UU Migas dinilai sejumlah kalangan bertentangan dengan
semangat pendirian bangsa ini. Malah menjadi tonggak liberalisasi dan
privatisasi sektor migas di Indonesia. Atas nama privatisasi, deregulasi dan
liberalisasi pula, maka Pertamina, selaku Badan Usaha Milik Negara (BUMN) yang
menyangga kepentingan nasional dikebiri hak-hak konstitusionalnya, dan
disetarakan kedudukannya dengan perusahaan-perusahaan asing yang memang berniat
menjarah kekayaan bangsa kita.
Problem mendasar UU Migas adalah terkait masalah pajak dan
birokrasi yang rumit. Selain itu juga terkait ketentuan Domestic Market Obligation (DMO), lifting minyak yang terus turun, realisasi investasi dan eksplorasi
yang anjlok sejak 1999, dan tidak ditemukannya cadangan di blok baru dalam 10
tahun terakhir. Dari berbagai masalah yang muncul, menjadi salah satu parameter
bahwa Pemerintah tidak mampu membangun konsepsi mengenai politik migas untuk
kesejahteraan rakyat.
Tidak mengherankan, bila sejumlah kalangan melakukan uji
materi (judicial review) UU Migas
(lihat Ramai-ramai Uji Materi UU Migas ke MK). Juli 2012 silam, misalnya,
organisasi massa Muhamadiyah di hadapan MK menghadirkan ahli seperti pengamat
ekonomi Ichsanudin Noorsy, mantan Menko Perekonomian dan Industri
Kwik Kian Gie, dan pengamat perminyakan Kurtubi, mengajukan uji materi UU Migas
ini. Pada 13 November 2012 sebagian gugatan uji materi itu dikabukan MK, dan
berujung pada pembubaran BP Migas.
Keputusan MK dinilai Kurtubi tepat, sebab BP Migas memang
bertentangan dengan konstitusi. Kurtubi meyakini, bila BP Migas yang memiliki
kewenangan luar biasa mewakili negara dalam kontrak kerjasama (KKS) dibubarkan,
niscaya industri Migas nasional menjadi lebih bergairah dan investasi
meningkat.
Pakar ekonomi Ichsanuddin Noorsy menganggap, dengan
berlakunya UU Migas yang sekarang,
pemerintah tidak berdaya dalam mengelola kebutuhan energi nasionalnya.

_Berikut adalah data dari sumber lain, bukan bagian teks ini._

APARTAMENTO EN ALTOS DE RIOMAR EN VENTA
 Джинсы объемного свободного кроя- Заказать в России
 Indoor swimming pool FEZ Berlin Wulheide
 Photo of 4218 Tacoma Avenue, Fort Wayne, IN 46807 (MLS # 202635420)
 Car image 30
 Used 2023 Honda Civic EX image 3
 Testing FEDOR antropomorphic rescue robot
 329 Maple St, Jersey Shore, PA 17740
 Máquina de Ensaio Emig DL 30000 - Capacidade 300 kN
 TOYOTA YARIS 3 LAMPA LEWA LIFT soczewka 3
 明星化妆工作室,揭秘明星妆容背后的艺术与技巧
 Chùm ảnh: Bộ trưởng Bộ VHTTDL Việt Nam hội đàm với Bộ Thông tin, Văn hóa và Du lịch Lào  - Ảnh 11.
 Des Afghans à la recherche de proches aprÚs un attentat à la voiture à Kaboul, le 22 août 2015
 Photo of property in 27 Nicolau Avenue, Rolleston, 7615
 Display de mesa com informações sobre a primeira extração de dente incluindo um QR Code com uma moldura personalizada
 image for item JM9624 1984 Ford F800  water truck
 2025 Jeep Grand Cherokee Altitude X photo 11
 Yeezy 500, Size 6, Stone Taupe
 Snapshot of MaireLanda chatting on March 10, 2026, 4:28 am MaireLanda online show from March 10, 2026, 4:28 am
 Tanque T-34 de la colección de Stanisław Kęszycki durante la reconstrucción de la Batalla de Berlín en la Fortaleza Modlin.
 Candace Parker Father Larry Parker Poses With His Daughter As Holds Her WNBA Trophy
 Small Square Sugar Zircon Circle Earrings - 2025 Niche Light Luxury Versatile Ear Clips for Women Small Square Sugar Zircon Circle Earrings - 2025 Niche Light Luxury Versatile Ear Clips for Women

Krisis energi yang belakangan ini acap menimpa PLN dan sejumlah industri nasional
akan senantiasa berulang. Sebab, semua sudah dikendalikan oleh kepentingan
asing. "Bila tidak ada perubahan, sampai 2020 pun Indonesia akan (terus)
didikte oleh perusahaan minyak asing," tandas Noorsy.
Kwik Kian Gie juga menegaskan, UU Migas lebih banyak mengacu
kepada kepentingan asing. Pemerintahan, katanya, sudah dicuci otaknya oleh
asing. Pemerintah telah melakukan rekayasa pikiran dan pembohongan luar biasa
sehingga memungkinkan terjadinya kebijakan yang menguntungkan segelintir orang
dan merugikan banyak orang.
Pekerja Pertamina tidak tinggal diam. Lewat Federasi Serikat
Pekerja Pertamina Bersatu (FSPPB) dan didukung oleh Konfederasi Serikat Pekerja
Migas Indonesia (KSPMI), keduanya membentuk
Indonesian Human Rights Committee for Social Justice (IHCS) yang juga
turut mendaftarkan uji materi UU Migas ke MK.
Benidikty Sinaga, kuasa hukum IHSC pernah mengungkapkan, UU
Migas tidak menguntungkan bangsa Indonesia. Buktinya adalah terjadinya
penurunan produksi migas khususnya minyak bumi secara signifikan. Pada Januari
2012 misalnya, produksi gas mengalami penurunan menjadi sekitar 880.000 barel
per hari, atau turun jauh dibanding 2004 masih sekitar 1.3 juta barel per hari.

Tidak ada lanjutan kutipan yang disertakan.